● Task requirements
When you repeat the material, keep each line exact and omit the pictures.

● Data block

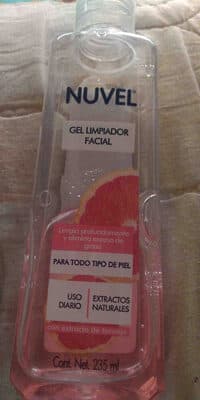 Gel limpiador facial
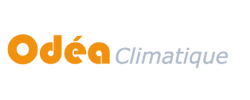 Odéa climatique logo, un client Karedess agency, agence web situé à Mulhouse.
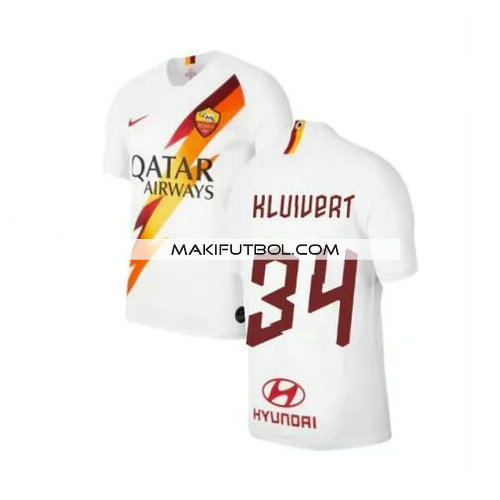 camiseta Kluivert 34 as roma 2019-2020 segunda equipacion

● Result of this task
 Gel limpiador facial
 Odéa climatique logo, un client Karedess agency, agence web situé à Mulhouse.
 camiseta Kluivert 34 as roma 2019-2020 segunda equipacion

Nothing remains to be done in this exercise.